Network Rail has handwaved the cost to Edinburgh of moving the station’s taxi-rank to the streets outside the station, but Edinburgh Council estimates that the cost of the move could be as high as £1M (and, I have to say, you know what the council are like about estimates – it’ll probably turn out to be more like £5M).
When the plans emerged in February, it was claimed they were part of a nationwide security clampdown in the run-up to the Olympics. However, it later emerged that Network Rail had agreed to put off the introduction of the measures while it discussed the provision of new taxi ranks outside the station with the council. Council transport leader Lesley Hinds said:
“We are not prepared to foot the bill to accommodate measures we don’t believe are justified in the first place. Although Network Rail has said they will look into security financial assistance for the council there are absolutely no guarantees and we do not think it is acceptable that taxpayers should foot the bill for this.”
A spokesman for Network Rail said they hadn’t yet discussed the council’s requirements for new taxi ranks but Network Rail
did not recognise the figures produced by the council. [The spokesman] said
“The project will consider contributing to the cost of works directly related to the removal of vehicles from Waverley.
Very big of them, since the removal of the taxi rank from Waverley will enable Network Rail to put in a new row of shops and cafes where the taxi rank was, and the ground rent from those will be hugely profitable, so what do they care if Waverley Station thereby becomes an inaccessible nightmare?
The plan Network Rail have in mind, from the construction work I saw in Waverley, is a lift from Princes Street down to the connecting bridge, from which it will be possible, rather indirectly, to get a lift to the main concourse or to the platforms below.
If the plans for pedestrianising Princes Street come through, then it won’t be possible to have a taxi rank just by the lift – people will have to walk from North Bridge or from Waverley Bridge.
Whereas if the ramps down to the station from Waverley Bridge stay open, it will be possible to get a taxi to Waverley Bridge or down into the station, or if you are in a chair or using crutches but otherwise mobile, to get in or out via the pedestrian ramp.
In a wide-ranging debate, business owners themselves demanded action to relax parking restrictions to allow commercial deliveries, boost city shopping and cut red tape.
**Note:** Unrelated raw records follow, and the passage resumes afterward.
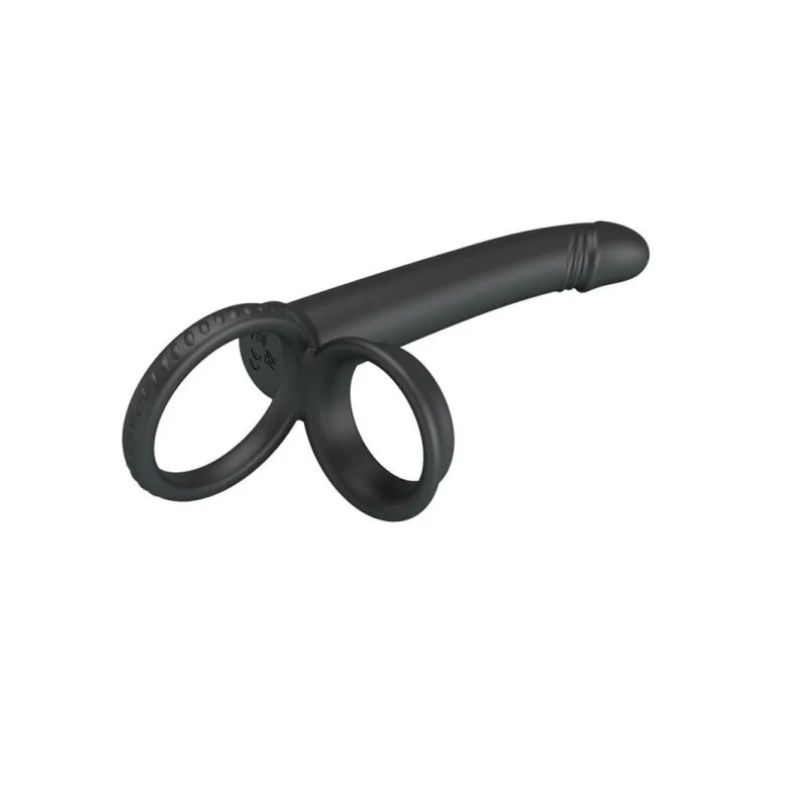 moses 5 Moses Anillo con Dildo para Doble Penetración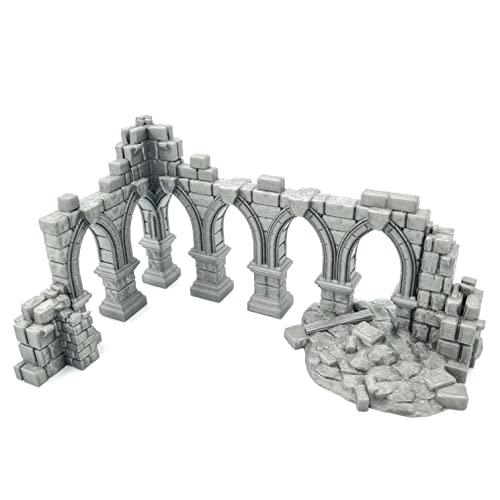 QP3D – Battle Ruined Pillars Wand, Geländelandschaft für Tisch & RPG 28–32 mm Miniaturen-Wargame-Requisiten, DND D&D, 3D-gedruckt und lackierbar QP3D – Battle Ruined Pillars Wand, Geländelandschaft für Tisch & RPG 28–32 mm Miniaturen-Wargame-Requisiten, DND D&D, 3D-gedruckt und lackierbar von Q P Quality Printing 3D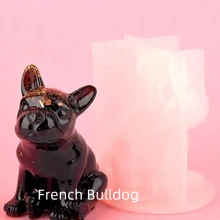 3D Puppy Dog Silicone Mold – French Bulldog / Teddy / Bulldog Puppy Candle Mould For DIY Resin, Wax & Soap Crafts | Realistic Puppy Design For Home Decor & Gifts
They also urged city leaders to promote the Capital to residents and not just tourists.
Green party candidate Chas Booth, who raised the issue of pedestrianisation, said the move would allow businesses to “flourish”.
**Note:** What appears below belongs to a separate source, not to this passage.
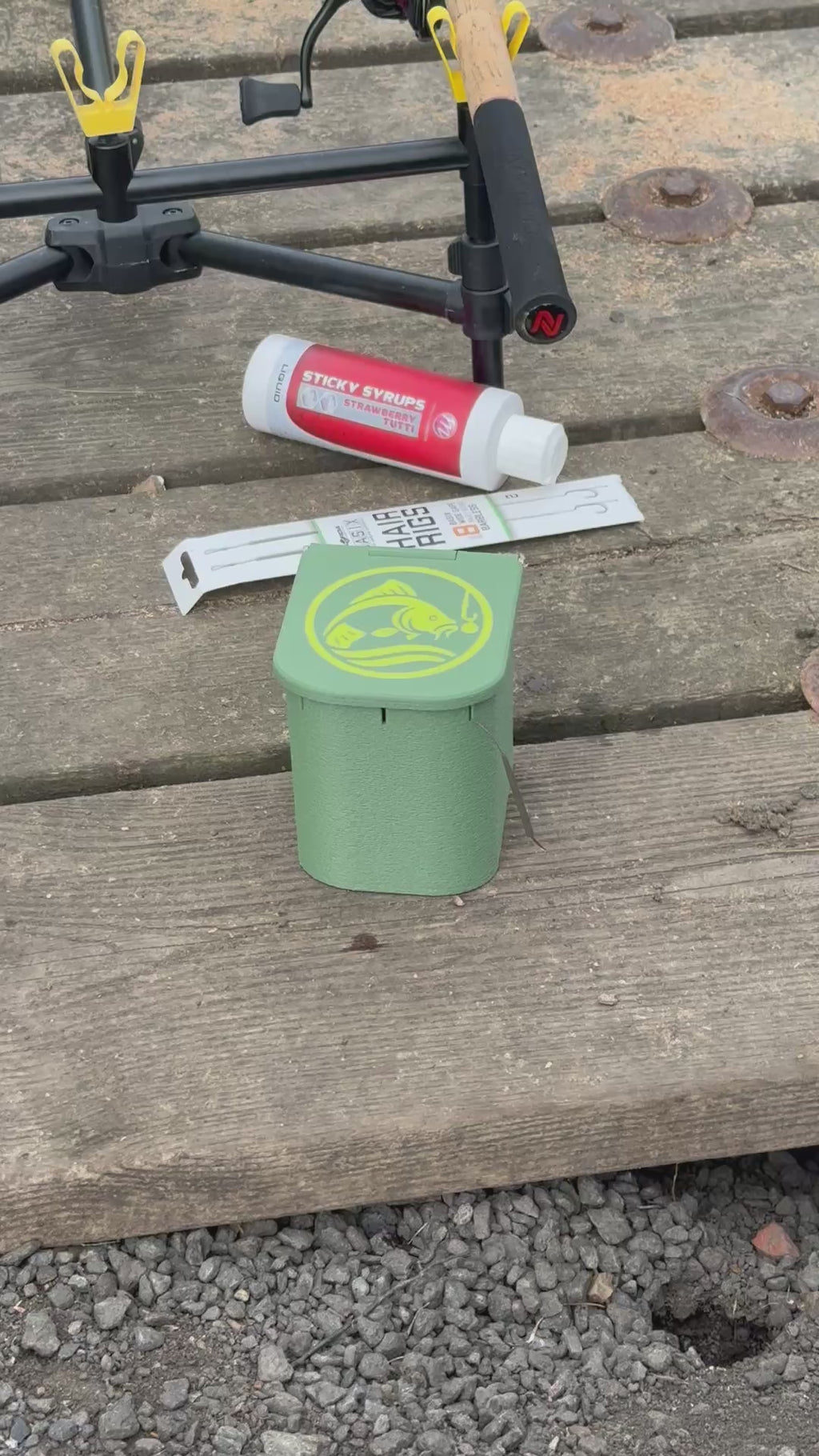 Carp Fishing Bait Dip Box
Deputy council leader Steve Cardownie, representing the SNP, added: “There should be an area of Princes Street that is pedestrianised. “Visitors to the city get little chance to sit and enjoy the city centre.”
How can it be acceptable for Network Rail to decide by fiat that the central station in Edinburgh, one of the major hubs on the east coast railway line, shall be made inaccessible to the elderly and the disabled?